# Tumeric for dogs with cancer



## ssacres (Sep 29, 2012)

Just wanted to post this about tumeric. I really do believe it helped my Allie in many ways. This was a good site. www.dogcancer.net.au/dog-cancer-circumin.php Because of Allies age we did not test her for thyroid cancer but the vet seemed to think it may have been cancer. I started her on tumeric and it appeared to keep the lump from growing in size. I will say if they throw up it stains carpeting. I guess I didn't care much and she only had that happen twice after months of taking it. There is much research on this if you google it..


----------



## Buddy's mom forever (Jun 23, 2011)

Thanks for sharing. What was the dosage you gave her?


----------



## ssacres (Sep 29, 2012)

Allie was getting 720 mgs twice per day. One in the morning and one at night in a spoonful of yogert. I really believe it helped her. It is suppose to help with pain also. An anti inflamatory. I have Bessy on it for her skin issues and it seems to be helping. I am a research junkie. Especially into natural treatments. I also plan on starting Mia on it as a prevention when she gets a bit older. Probably should not be used if your dog has diabeties. It is that way in humans but not sure about dogs with out more research.


----------



## Lucky Penny (Nov 13, 2011)

Before Penny got really sick, I had been giving it to her. I can look at the brand that my holistic vet had us giving her, and the amount when I am home. It is also suppose to make radiation stronger. I was also in communication with a scientist who had done a lot of studies with curcumin with animals and people. It was over a year ago, so his name slipped my head. If I come across his website, I will provide the link. What I remember him telling me, is that curcumin works with high amounts of it. Also, he found that there was little to none side effects from to much curcumin. I had to stop, because Penny is really sick, but once she gets better and able to take pills easily, I will continue giving it to her.


----------



## ssacres (Sep 29, 2012)

Lucky Penny said:


> Before Penny got really sick, I had been giving it to her. I can look at the brand that my holistic vet had us giving her, and the amount when I am home. It is also suppose to make radiation stronger. I was also in communication with a scientist who had done a lot of studies with curcumin with animals and people. It was over a year ago, so his name slipped my head. If I come across his website, I will provide the link. What I remember him telling me, is that curcumin works with high amounts of it. Also, he found that there was little to none side effects from to much curcumin. I had to stop, because Penny is really sick, but once she gets better and able to take pills easily, I will continue giving it to her.

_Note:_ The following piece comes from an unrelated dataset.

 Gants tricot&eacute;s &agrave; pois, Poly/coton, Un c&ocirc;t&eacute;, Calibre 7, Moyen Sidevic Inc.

May I ask the reason you were giving Penny tumeric? I love the idea of a holistic vet but there are none in my area. So I try to do my own research. Its like I won't use the spot on treatment for fleas and instead use diatomaceous earth. I know it works and is chemical free. I just do not like chemicals. As I have said, I am a natural girl. My own Dr. doesn't like me because I won't take the drugs they want me on. I know sometimes we do not have a choice. For us or our fur babies.


----------



## Lucky Penny (Nov 13, 2011)

Penny is currently fighting cancer, she has been fighting it for three years now. I started giving her curcumin because the holistic vet I go to see suggested it. I started doing research on it not to long after I started it. That is to bad you do not have any holistic vets near you. I take all my animals to my holistic vet along side my regular vet. I use diatomaceous earth as well. All though, this summer/fall, I am using Vectra on my younger dog that gets out more then my sick Penny. Fleas are just so bad, that I just didn't want to deal with them. Even though holistically, I could get rid of them, I didn't even want to see one, I was burnt out mentally of fleas! I agree about chemicals. I try my best to not over due it with chemicals. I guess we pick and choose our battles!


----------



## ssacres (Sep 29, 2012)

Lucky Penny said:


> Penny is currently fighting cancer, she has been fighting it for three years now. I started giving her curcumin because the holistic vet I go to see suggested it. I started doing research on it not to long after I started it. That is to bad you do not have any holistic vets near you. I take all my animals to my holistic vet along side my regular vet. I use diatomaceous earth as well. All though, this summer/fall, I am using Vectra on my younger dog that gets out more then my sick Penny. Fleas are just so bad, that I just didn't want to deal with them. Even though holistically, I could get rid of them, I didn't even want to see one, I was burnt out mentally of fleas! I agree about chemicals. I try my best to not over due it with chemicals. I guess we pick and choose our battles!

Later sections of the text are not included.